## [Exercise objective]
What is needed is a faithful transcription of all the data below, pictures excluded.

## [Dataset excerpt]
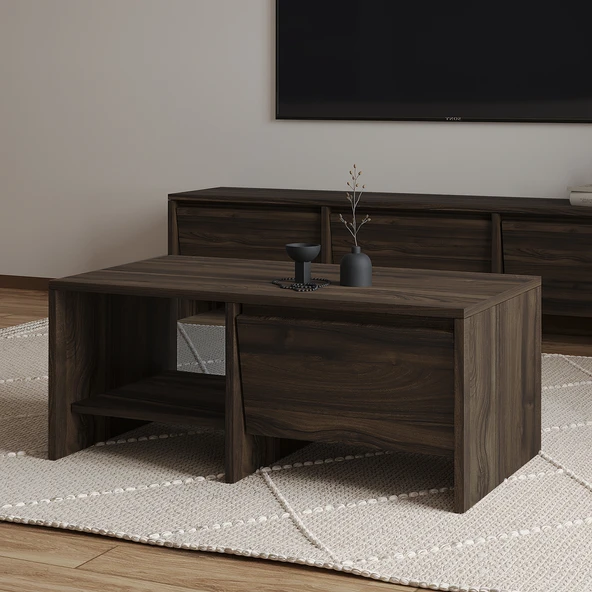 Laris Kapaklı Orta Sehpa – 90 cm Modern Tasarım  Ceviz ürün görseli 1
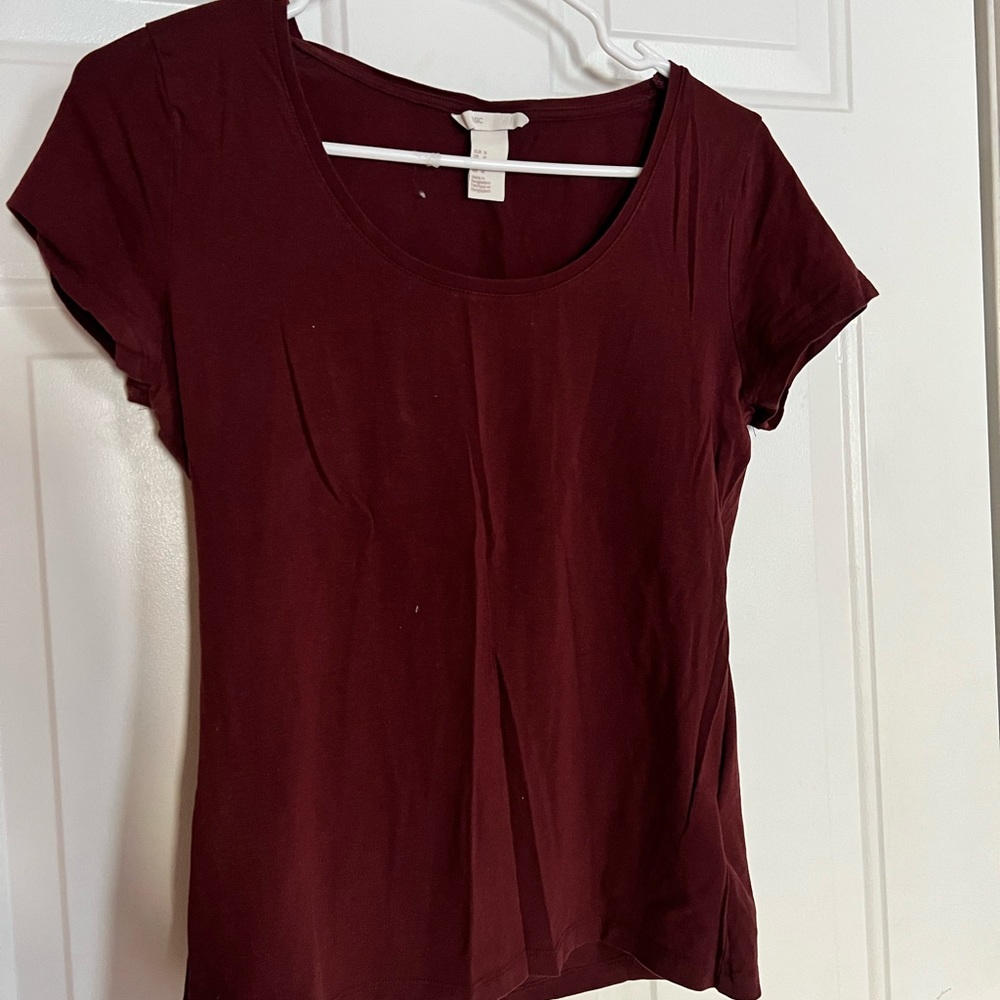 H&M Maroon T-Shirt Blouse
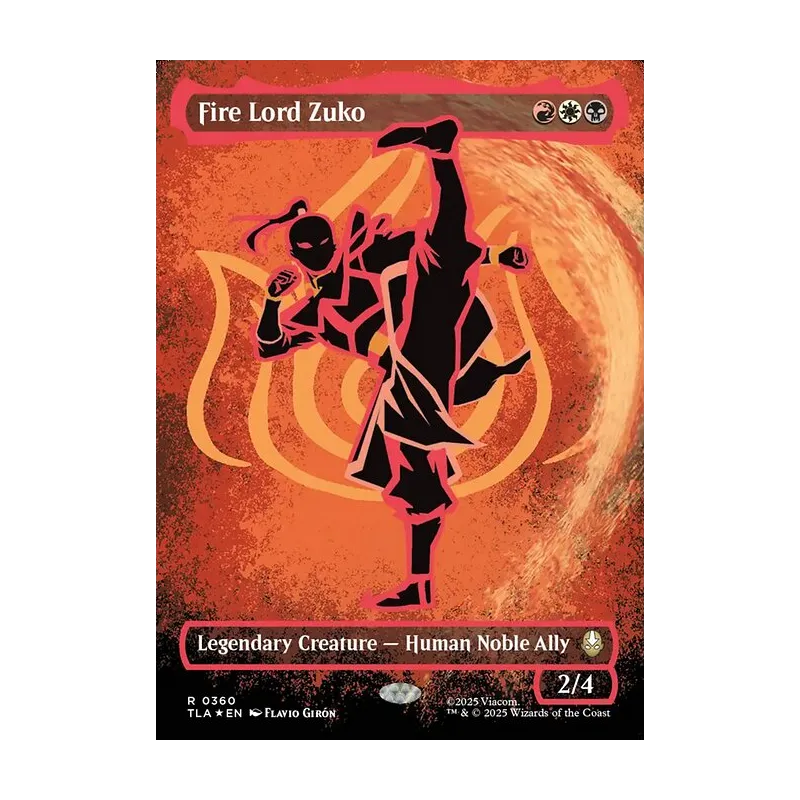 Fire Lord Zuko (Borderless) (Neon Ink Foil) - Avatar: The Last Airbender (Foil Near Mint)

## [Output below]
 Laris Kapaklı Orta Sehpa – 90 cm Modern Tasarım  Ceviz ürün görseli 1
 H&M Maroon T-Shirt Blouse
 Fire Lord Zuko (Borderless) (Neon Ink Foil) - Avatar: The Last Airbender (Foil Near Mint)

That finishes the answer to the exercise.